Gelelim ikinci ‘olan’a. İkinci ‘olan’, mevcut ‘olan’dır; edimsel ya da fiili ‘olan’ da denilebilir. Ama ben gerçek ‘olan’ demek istiyorum. Daha sonra ‘olan’larımın önüne kattığım sıfatlarımın niteliklerini ayrıntılı bir şekilde açıklayacağım. Biliyorum, en geç bu noktada düşüncelerimin bilimselliğinin altını çizebilmek için her şeyden önce kendi kendimi ‘nasıl olur da ‘gerçek’ kelimesinin yerinde, doğru tanımını yaptığımı iddia edebilecek kadar aklı havada olabilirim?’ diye yargılamam gerekir. Dediğim gibi, daha sonra bu yargılamaya tekrar döneceğim.

Üçüncü ve son ‘olan’, zarurî ‘olan’dır; zorunlu ya da mecburî ‘olan’ da denilebilir. Ama ben buna şart ‘olan’ diyorum. Şimdi, ‘olan’dan üç tane olur da, ‘olmayan’dan olmaz mı? Tabiî ki hayır. Aynı ‘olan’da olduğu gibi, ‘olmayan’ da üçtür. Mantık aynı mantık. Birinci ‘olmayan’, olabilirliği olan ‘olmayan’dır; muhtemel olan ‘olmayan’, ya da mümkün olan ‘olmayan’. İkinci ‘olmayan’, gerçek olan ‘olmayan’dır, üçüncü ‘olmayan’, şart olan ‘olmayan’dır.

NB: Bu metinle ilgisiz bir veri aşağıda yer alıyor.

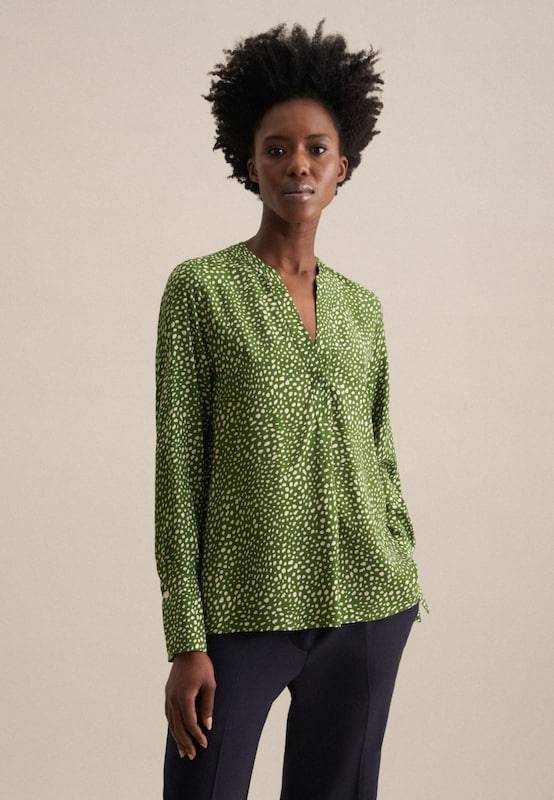 SEIDENSTICKER Tunic 'Schwarze Rose' in Green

Bu altı tanımda bütün ‘olan’ ve ‘olmayan’ mevcuttur. Bu tanımlardan biriyle oynadığımda varacağım tanım, mevcut altı tanımdan bir başkasına denktir. Örneğin olabilirliği olmayan ‘olmayan’, şart olan ‘olmayan’dır veya olabilirliği olmayan ‘olan’ şart ‘olan’dır gibi. Şimdi ‘olan’ ve ‘olmayan’ın önüne kattığımız sıfatlarımıza bir bakalım. Yani mümkün, gerçek ve şart sıfatlarını nasıl tanımladığımı açıklayayım. Göreceksiniz ki bildik sözlük anlamlarını aşan sıfatlar bunlar; en azından benim kullandığım bağlamda. Peki neleri ifade ediyor ‘muhtemel’, ‘gerçek’ ve ‘şart’ sıfatlarım?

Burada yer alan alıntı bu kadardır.